> Material for this exercise:
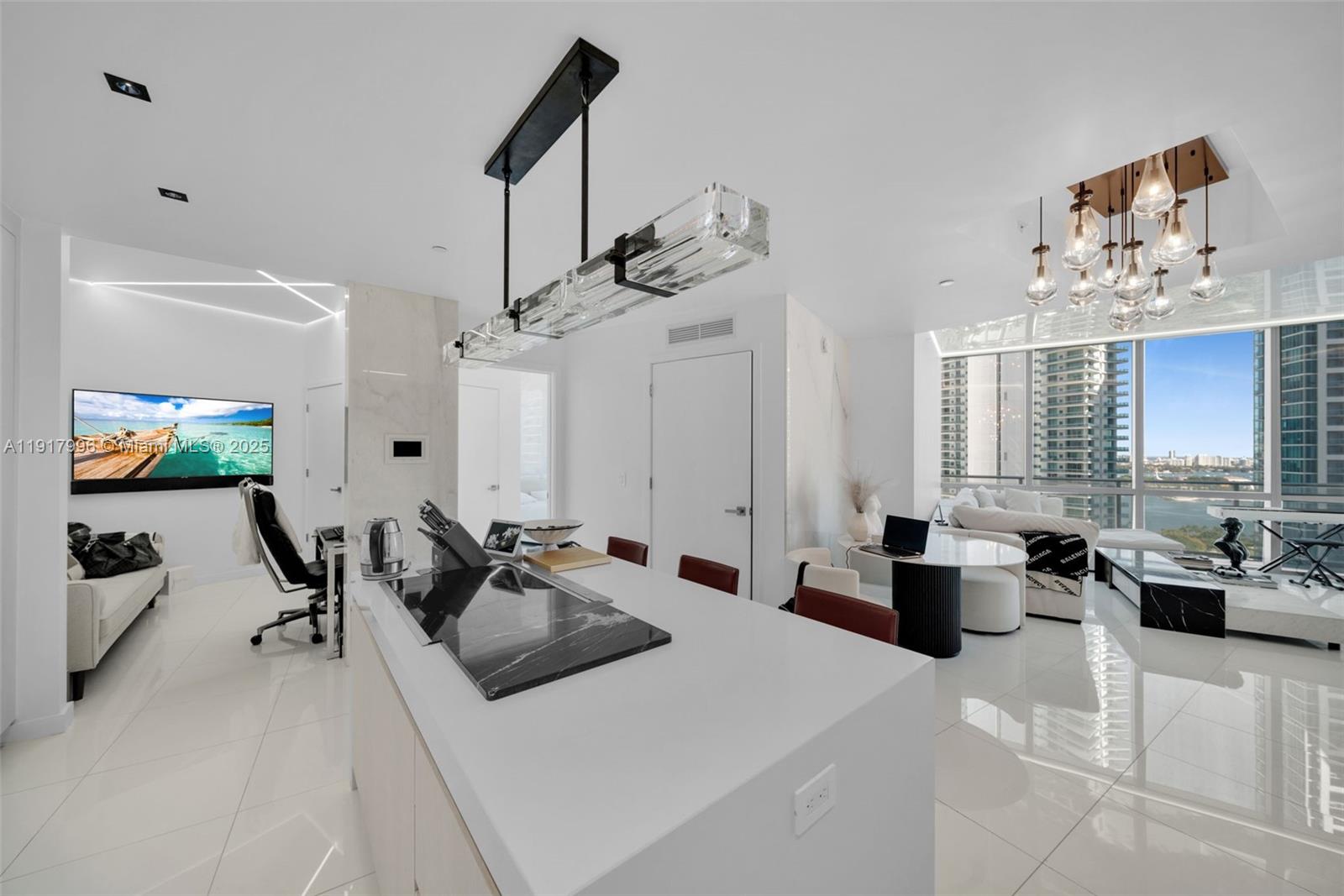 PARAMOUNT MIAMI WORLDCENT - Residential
---
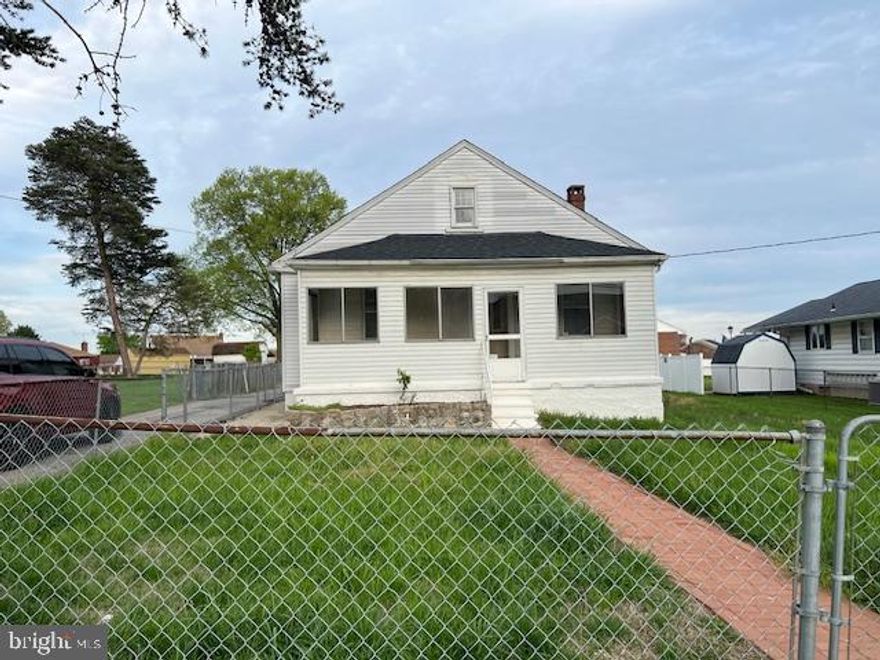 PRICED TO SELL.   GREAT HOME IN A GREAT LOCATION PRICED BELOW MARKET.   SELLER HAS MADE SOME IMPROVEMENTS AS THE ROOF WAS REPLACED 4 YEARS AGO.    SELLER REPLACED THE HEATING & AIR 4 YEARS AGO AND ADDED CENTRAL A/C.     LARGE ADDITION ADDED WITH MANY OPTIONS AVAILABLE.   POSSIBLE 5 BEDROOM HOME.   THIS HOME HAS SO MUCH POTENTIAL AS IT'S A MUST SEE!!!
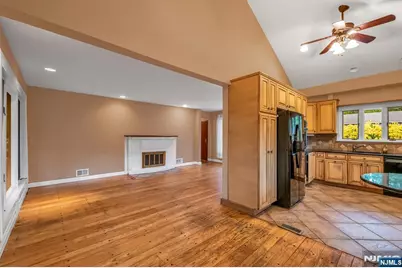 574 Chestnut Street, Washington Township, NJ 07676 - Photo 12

> Task requirements: From the records above, copy only the lines running from the line containing "PRICED TO SELL." to the line containing "574 Chestnut Street, Washington", both ends included. Leave the pictures out.

> Task answer:
 PRICED TO SELL.   GREAT HOME IN A GREAT LOCATION PRICED BELOW MARKET.   SELLER HAS MADE SOME IMPROVEMENTS AS THE ROOF WAS REPLACED 4 YEARS AGO.    SELLER REPLACED THE HEATING & AIR 4 YEARS AGO AND ADDED CENTRAL A/C.     LARGE ADDITION ADDED WITH MANY OPTIONS AVAILABLE.   POSSIBLE 5 BEDROOM HOME.   THIS HOME HAS SO MUCH POTENTIAL AS IT'S A MUST SEE!!!
 574 Chestnut Street, Washington Township, NJ 07676 - Photo 12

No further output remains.